Von härteren Sanktionen bis zum Leistungsstopp: Zum Bürgergeld gab es vonseiten der Politik viele Vorschläge. Erlacher Höhe-Mitarbeiter wissen aus der Praxis: Das ist der falsche Weg.
„Je schlechter es der Wirtschaft geht, desto fauler werden Sozialhilfeempfänger wahrgenommen“, schreibt Sachbuchautorin Barbara Dribbusch provokant. Sie setzt hinzu: „Auf diesen dummen Kurzschluss sollten wir nicht hereinfallen.“
Wolfgang Sartorius vom Vorstand der Erlacher Höhe zitierte den Dribbusch-Satz am Dienstag beim jährlichen Sommer-Pressegespräch. Er warnte eindringlich vor einem Kahlschlag beim Bürgergeld. Sartorius: „Das wäre ein Rückschritt. Aktuelle Zahlen sprechen dagegen.“
Mit ihren Erfahrungen aus der Praxis unterstützen Manuel Trick, Teamleiter der Wohnungsnotfallhilfe, und Projektleiterin und Coach Eva Bezecná ein mehrseitiges Forderungspapier von Sartorius, der in der Einführung des Bürgergelds einen Fortschritt sah.

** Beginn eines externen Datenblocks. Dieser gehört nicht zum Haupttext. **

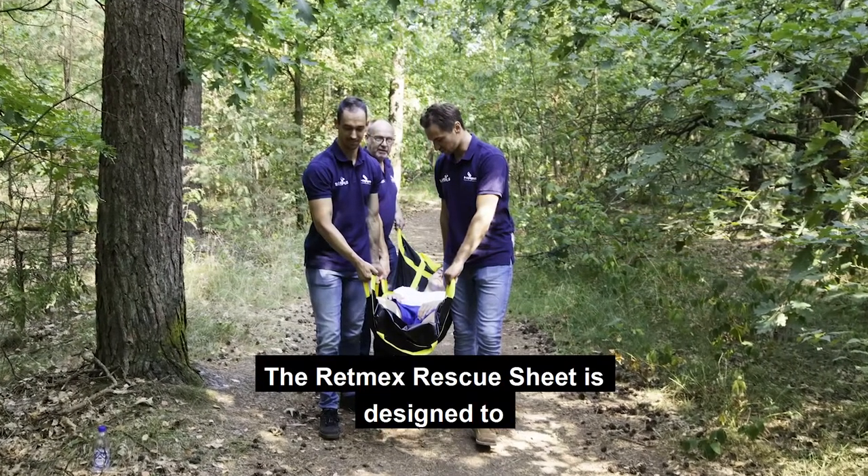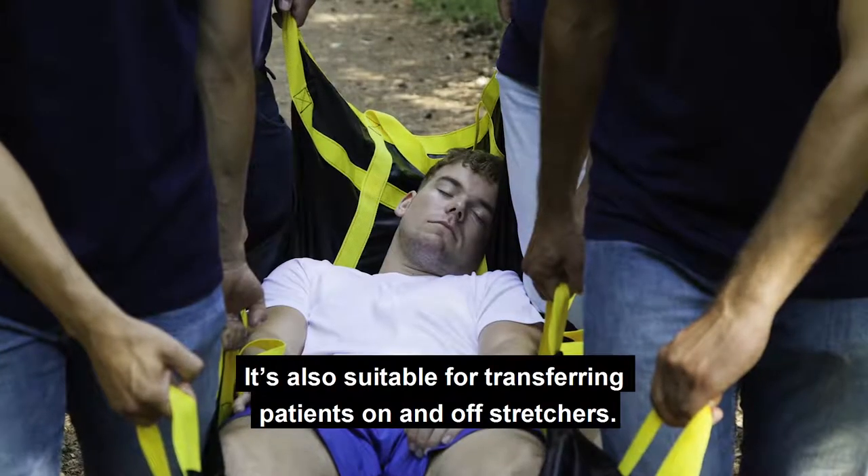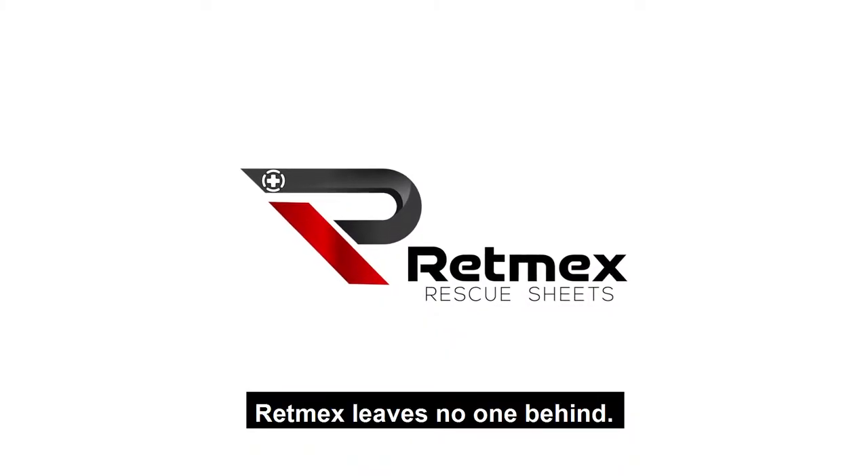The RETMEX Rescue Sheet is designed to transfer victims from rough terrain. It's also suitable for transferring patients on and off stretchers. RETMEX leaves no one behind.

Wenig hilfreiche Vorschläge
„Die alle Jahre wieder aufflackernde Debatte nach substanziellen Einschnitten“ im Sozialetat, angestoßen von CDU-Generalsekretär Carsten Linnemann, ließen einen Kahlschlag beim Bürgergeld befürchten. Da seien auch die Forderung von Markus Söder (CSU) nach Veränderungen von Leistungen für Ukraineflüchtlinge oder die von Bundeskanzler Friedrich Merz (CDU) vorgeschlagene Deckelung bei der Übernahme von Wohnungskosten wenig hilfreich. Ebenso wenig der Ruf nach verschärften Sanktionen oder nach dem Stopp aller Leistungen.
Ausstattung der Jobcenter
Mit aktuellem Zahlenmaterial auch aus dem Kreis Freudenstadt untermauerte Sartorius die Forderungen der Erlacher Höhe, vielfach unterstützt von der Diakonie. Danach sollen Einsparungen im Sozialbereich nicht beim Bürgergeld, sondern „bei der Frage der gelingenden Arbeitsmarktintegration“ gesucht werden. Dazu bedürfe es unter anderem einer besseren finanziellen Ausstattung der Jobcenter, mehr Zutrauen gegenüber Betroffenen und Abbau der Bürokratie. Sartorius: „Armut ist keine individuelle Schwäche, sondern ein strukturelles Problem, das sich lösen lässt.“
Mit deutlichen Worten wehrten sich Trick und Bezecná von der Erlacher Höhe in Freudenstadt gegen Vorwürfe und Vorurteile gegenüber Menschen, die aus welchen Gründen auch immer auf Hilfen aus dem Sozialetat angewiesen sind. Diffamierungen führten nur zu weiteren Spaltungen. Diese Menschen empfänden Arbeitslosigkeit als Qual, suchten keine soziale Hängematte, sondern seien zum allergrößten Teil bemüht, im Leben und auf dem Arbeitsmarkt wieder Fuß zu fassen. Da habe das Bürgergeld viel bewirken können, aber es fehlten noch stabilisierende Elemente.
Reale Erfahrungen
Direkt betroffen ist Carmen Sonnenschein (Name geändert), alleinerziehende Mutter von zwei pflegebedürftigen Kindern. „Jeder Mensch kann von heute auf morgen vor dieser Situation stehen“, warnt sie. Ihr Kind sei schlimm erkrankt, ihre Ehe sei gescheitert, die Wohnung gekündigt. „Wir haben Schreckliches erlebt. Ohne Bürgergeld wären wir verzweifelt.“ Sie dankt unter Tränen der Erlacher Höhe, mit deren Hilfe sie Wohnung, Arbeit und wieder Platz in der Gesellschaft gefunden habe.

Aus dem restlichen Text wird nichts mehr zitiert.